Dataset entries:

⟨

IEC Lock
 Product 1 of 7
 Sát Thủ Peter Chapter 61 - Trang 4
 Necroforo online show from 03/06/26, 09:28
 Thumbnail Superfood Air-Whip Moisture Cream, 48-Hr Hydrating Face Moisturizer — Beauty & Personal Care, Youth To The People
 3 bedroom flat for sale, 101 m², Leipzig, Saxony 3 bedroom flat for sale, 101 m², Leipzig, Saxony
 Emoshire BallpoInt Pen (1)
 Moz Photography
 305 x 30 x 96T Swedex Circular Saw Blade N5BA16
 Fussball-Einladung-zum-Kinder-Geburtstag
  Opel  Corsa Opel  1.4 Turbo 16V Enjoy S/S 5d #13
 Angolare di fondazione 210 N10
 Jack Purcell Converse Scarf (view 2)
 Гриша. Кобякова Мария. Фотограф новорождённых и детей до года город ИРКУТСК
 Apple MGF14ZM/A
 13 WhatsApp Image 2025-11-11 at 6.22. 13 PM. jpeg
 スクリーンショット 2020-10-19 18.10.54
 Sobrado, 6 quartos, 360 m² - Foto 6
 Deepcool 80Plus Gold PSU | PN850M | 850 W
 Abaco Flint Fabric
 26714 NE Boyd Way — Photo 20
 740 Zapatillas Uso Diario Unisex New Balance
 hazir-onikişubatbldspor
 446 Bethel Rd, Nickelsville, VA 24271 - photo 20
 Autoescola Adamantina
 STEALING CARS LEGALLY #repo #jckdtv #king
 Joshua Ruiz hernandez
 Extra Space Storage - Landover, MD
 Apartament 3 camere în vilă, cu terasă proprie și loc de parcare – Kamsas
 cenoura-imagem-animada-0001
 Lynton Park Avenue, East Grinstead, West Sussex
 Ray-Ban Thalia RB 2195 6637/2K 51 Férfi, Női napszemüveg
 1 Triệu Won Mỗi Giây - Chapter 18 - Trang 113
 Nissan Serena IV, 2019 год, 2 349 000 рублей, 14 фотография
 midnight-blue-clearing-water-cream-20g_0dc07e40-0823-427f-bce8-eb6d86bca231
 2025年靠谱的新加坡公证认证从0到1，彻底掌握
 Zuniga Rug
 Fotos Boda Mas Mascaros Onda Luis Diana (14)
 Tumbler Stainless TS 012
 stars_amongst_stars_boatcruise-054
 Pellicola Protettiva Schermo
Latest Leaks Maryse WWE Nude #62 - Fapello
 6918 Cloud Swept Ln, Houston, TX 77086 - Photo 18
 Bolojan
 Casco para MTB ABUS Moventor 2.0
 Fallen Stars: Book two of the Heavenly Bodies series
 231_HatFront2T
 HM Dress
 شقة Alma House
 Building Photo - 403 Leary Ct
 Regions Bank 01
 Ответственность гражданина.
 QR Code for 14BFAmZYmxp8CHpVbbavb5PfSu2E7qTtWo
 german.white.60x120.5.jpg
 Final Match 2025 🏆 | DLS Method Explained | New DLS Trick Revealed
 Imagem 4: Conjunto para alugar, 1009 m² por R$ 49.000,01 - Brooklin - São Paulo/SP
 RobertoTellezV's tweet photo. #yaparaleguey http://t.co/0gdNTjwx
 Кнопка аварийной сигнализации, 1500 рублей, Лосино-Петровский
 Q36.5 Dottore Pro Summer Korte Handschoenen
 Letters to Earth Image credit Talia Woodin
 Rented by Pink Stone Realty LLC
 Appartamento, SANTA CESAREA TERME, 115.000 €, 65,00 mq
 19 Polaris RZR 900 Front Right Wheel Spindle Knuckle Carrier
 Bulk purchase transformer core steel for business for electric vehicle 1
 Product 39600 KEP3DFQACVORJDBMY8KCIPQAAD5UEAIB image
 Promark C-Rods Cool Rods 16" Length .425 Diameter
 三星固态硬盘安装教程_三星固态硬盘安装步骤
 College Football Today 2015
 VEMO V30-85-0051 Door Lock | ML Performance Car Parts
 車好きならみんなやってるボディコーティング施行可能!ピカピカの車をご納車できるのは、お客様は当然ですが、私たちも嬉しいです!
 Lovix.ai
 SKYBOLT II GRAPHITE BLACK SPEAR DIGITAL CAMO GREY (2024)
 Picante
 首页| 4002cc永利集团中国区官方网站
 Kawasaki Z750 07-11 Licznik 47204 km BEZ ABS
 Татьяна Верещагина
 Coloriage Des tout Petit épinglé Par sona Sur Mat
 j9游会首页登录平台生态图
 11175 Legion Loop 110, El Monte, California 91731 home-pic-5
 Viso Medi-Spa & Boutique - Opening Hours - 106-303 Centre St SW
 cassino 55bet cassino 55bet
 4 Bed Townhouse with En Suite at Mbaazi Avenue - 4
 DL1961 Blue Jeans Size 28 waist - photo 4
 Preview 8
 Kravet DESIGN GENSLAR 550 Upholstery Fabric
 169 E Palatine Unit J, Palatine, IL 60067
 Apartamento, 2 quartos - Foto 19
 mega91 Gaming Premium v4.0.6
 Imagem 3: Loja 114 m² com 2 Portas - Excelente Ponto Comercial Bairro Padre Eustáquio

⟩

Could you reproduce every record above exactly as it appears?

#### Answer for this exercise
IEC Lock
 Product 1 of 7
 Sát Thủ Peter Chapter 61 - Trang 4
 Necroforo online show from 03/06/26, 09:28
 Thumbnail Superfood Air-Whip Moisture Cream, 48-Hr Hydrating Face Moisturizer — Beauty & Personal Care, Youth To The People
 3 bedroom flat for sale, 101 m², Leipzig, Saxony 3 bedroom flat for sale, 101 m², Leipzig, Saxony
 Emoshire BallpoInt Pen (1)
 Moz Photography
 305 x 30 x 96T Swedex Circular Saw Blade N5BA16
 Fussball-Einladung-zum-Kinder-Geburtstag
  Opel  Corsa Opel  1.4 Turbo 16V Enjoy S/S 5d #13
 Angolare di fondazione 210 N10
 Jack Purcell Converse Scarf (view 2)
 Гриша. Кобякова Мария. Фотограф новорождённых и детей до года город ИРКУТСК
 Apple MGF14ZM/A
 13 WhatsApp Image 2025-11-11 at 6.22. 13 PM. jpeg
 スクリーンショット 2020-10-19 18.10.54
 Sobrado, 6 quartos, 360 m² - Foto 6
 Deepcool 80Plus Gold PSU | PN850M | 850 W
 Abaco Flint Fabric
 26714 NE Boyd Way — Photo 20
 740 Zapatillas Uso Diario Unisex New Balance
 hazir-onikişubatbldspor
 446 Bethel Rd, Nickelsville, VA 24271 - photo 20
 Autoescola Adamantina
 STEALING CARS LEGALLY #repo #jckdtv #king
 Joshua Ruiz hernandez
 Extra Space Storage - Landover, MD
 Apartament 3 camere în vilă, cu terasă proprie și loc de parcare – Kamsas
 cenoura-imagem-animada-0001
 Lynton Park Avenue, East Grinstead, West Sussex
 Ray-Ban Thalia RB 2195 6637/2K 51 Férfi, Női napszemüveg
 1 Triệu Won Mỗi Giây - Chapter 18 - Trang 113
 Nissan Serena IV, 2019 год, 2 349 000 рублей, 14 фотография
 midnight-blue-clearing-water-cream-20g_0dc07e40-0823-427f-bce8-eb6d86bca231
 2025年靠谱的新加坡公证认证从0到1，彻底掌握
 Zuniga Rug
 Fotos Boda Mas Mascaros Onda Luis Diana (14)
 Tumbler Stainless TS 012
 stars_amongst_stars_boatcruise-054
 Pellicola Protettiva Schermo
Latest Leaks Maryse WWE Nude #62 - Fapello
 6918 Cloud Swept Ln, Houston, TX 77086 - Photo 18
 Bolojan
 Casco para MTB ABUS Moventor 2.0
 Fallen Stars: Book two of the Heavenly Bodies series
 231_HatFront2T
 HM Dress
 شقة Alma House
 Building Photo - 403 Leary Ct
 Regions Bank 01
 Ответственность гражданина.
 QR Code for 14BFAmZYmxp8CHpVbbavb5PfSu2E7qTtWo
 german.white.60x120.5.jpg
 Final Match 2025 🏆 | DLS Method Explained | New DLS Trick Revealed
 Imagem 4: Conjunto para alugar, 1009 m² por R$ 49.000,01 - Brooklin - São Paulo/SP
 RobertoTellezV's tweet photo. #yaparaleguey http://t.co/0gdNTjwx
 Кнопка аварийной сигнализации, 1500 рублей, Лосино-Петровский
 Q36.5 Dottore Pro Summer Korte Handschoenen
 Letters to Earth Image credit Talia Woodin
 Rented by Pink Stone Realty LLC
 Appartamento, SANTA CESAREA TERME, 115.000 €, 65,00 mq
 19 Polaris RZR 900 Front Right Wheel Spindle Knuckle Carrier
 Bulk purchase transformer core steel for business for electric vehicle 1
 Product 39600 KEP3DFQACVORJDBMY8KCIPQAAD5UEAIB image
 Promark C-Rods Cool Rods 16" Length .425 Diameter
 三星固态硬盘安装教程_三星固态硬盘安装步骤
 College Football Today 2015
 VEMO V30-85-0051 Door Lock | ML Performance Car Parts
 車好きならみんなやってるボディコーティング施行可能!ピカピカの車をご納車できるのは、お客様は当然ですが、私たちも嬉しいです!
 Lovix.ai
 SKYBOLT II GRAPHITE BLACK SPEAR DIGITAL CAMO GREY (2024)
 Picante
 首页| 4002cc永利集团中国区官方网站
 Kawasaki Z750 07-11 Licznik 47204 km BEZ ABS
 Татьяна Верещагина
 Coloriage Des tout Petit épinglé Par sona Sur Mat
 j9游会首页登录平台生态图
 11175 Legion Loop 110, El Monte, California 91731 home-pic-5
 Viso Medi-Spa & Boutique - Opening Hours - 106-303 Centre St SW
 cassino 55bet cassino 55bet
 4 Bed Townhouse with En Suite at Mbaazi Avenue - 4
 DL1961 Blue Jeans Size 28 waist - photo 4
 Preview 8
 Kravet DESIGN GENSLAR 550 Upholstery Fabric
 169 E Palatine Unit J, Palatine, IL 60067
 Apartamento, 2 quartos - Foto 19
 mega91 Gaming Premium v4.0.6
 Imagem 3: Loja 114 m² com 2 Portas - Excelente Ponto Comercial Bairro Padre Eustáquio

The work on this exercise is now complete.